▶ _WORK ITEM_:
Where the records contain images, omit them, and repeat everything else word for word.

....

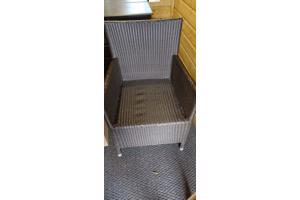 Stoelen 3 stuks gratis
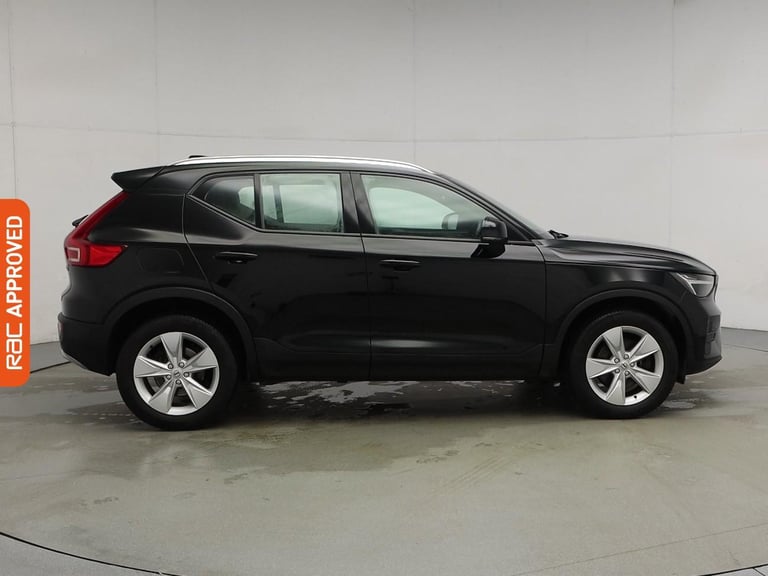 2022 Volvo XC40 2.0 B3 MHEV Core SUV 5dr Petrol Hybrid DCT Auto Euro 6 (s/s) (163 ps) SUV PETROL ...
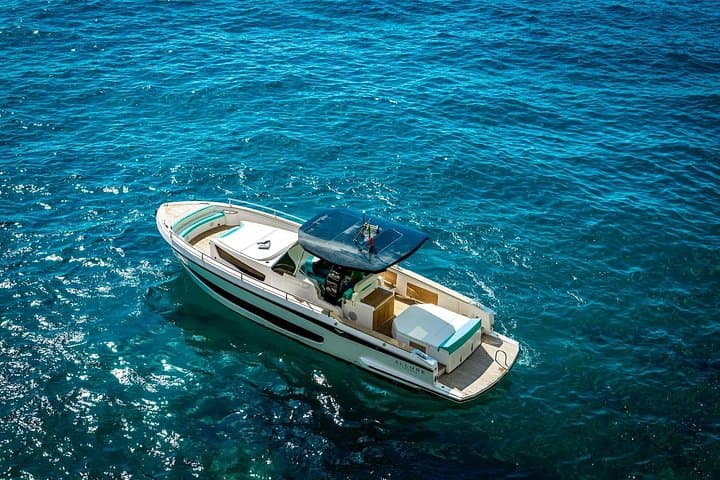 Private Capri Full-Day Boat Tour: Blue Grotto, Faraglioni & Coastal Villas photo 4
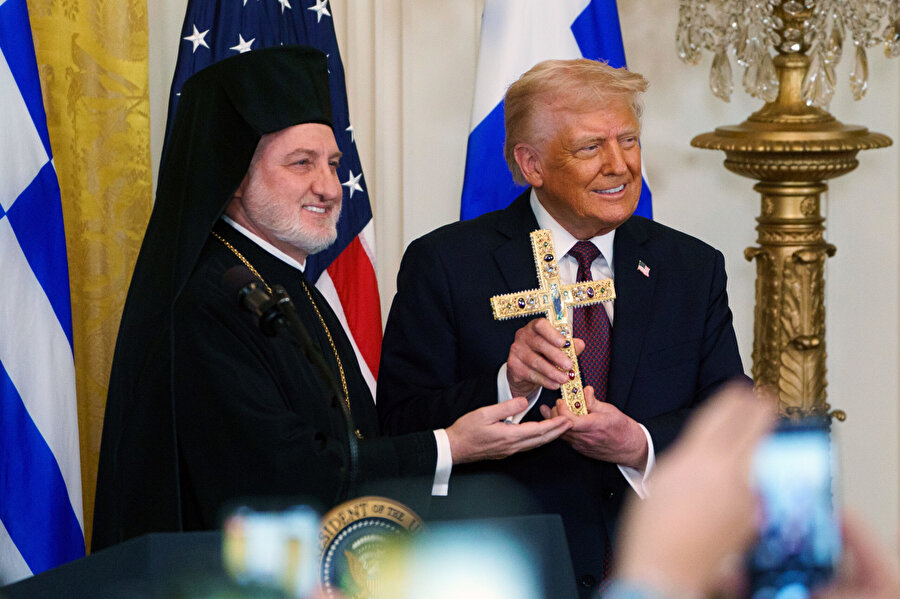 Trump, Yunanistan Bağımsızlık Günü için Amerika Başpiskoposu Elpidophoros'u kabul etmişti.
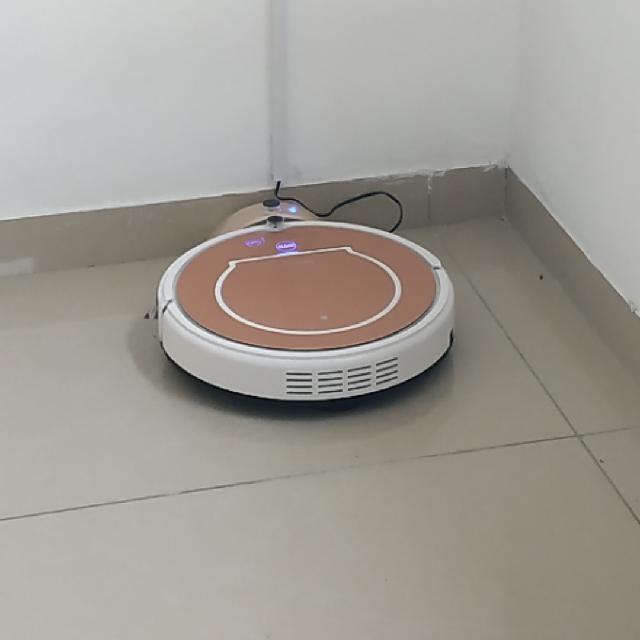 כל הקודם זוכה שואב רובוטי עוצמתי.דגם crown cr 3000
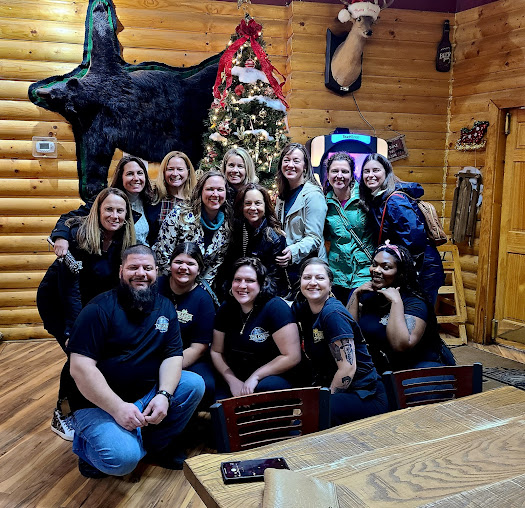 Photo Log Cabin Bar And Grill - 16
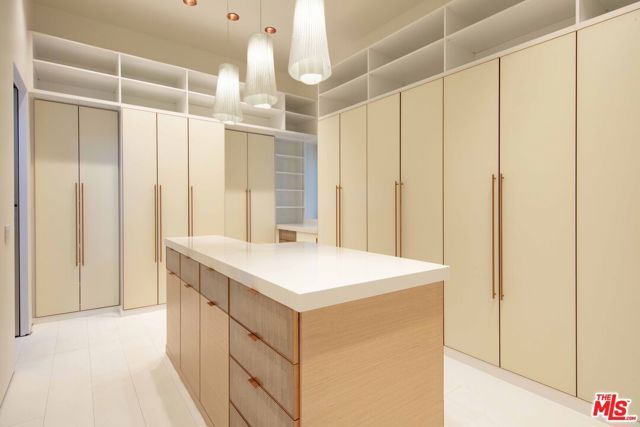 691 Via Trepadora, Santa Barbara, CA 93110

....

▶ _TASK RESPONSE_:
 Stoelen 3 stuks gratis
 2022 Volvo XC40 2.0 B3 MHEV Core SUV 5dr Petrol Hybrid DCT Auto Euro 6 (s/s) (163 ps) SUV PETROL ...
 Private Capri Full-Day Boat Tour: Blue Grotto, Faraglioni & Coastal Villas photo 4
 Trump, Yunanistan Bağımsızlık Günü için Amerika Başpiskoposu Elpidophoros'u kabul etmişti.
 כל הקודם זוכה שואב רובוטי עוצמתי.דגם crown cr 3000
 Photo Log Cabin Bar And Grill - 16
 691 Via Trepadora, Santa Barbara, CA 93110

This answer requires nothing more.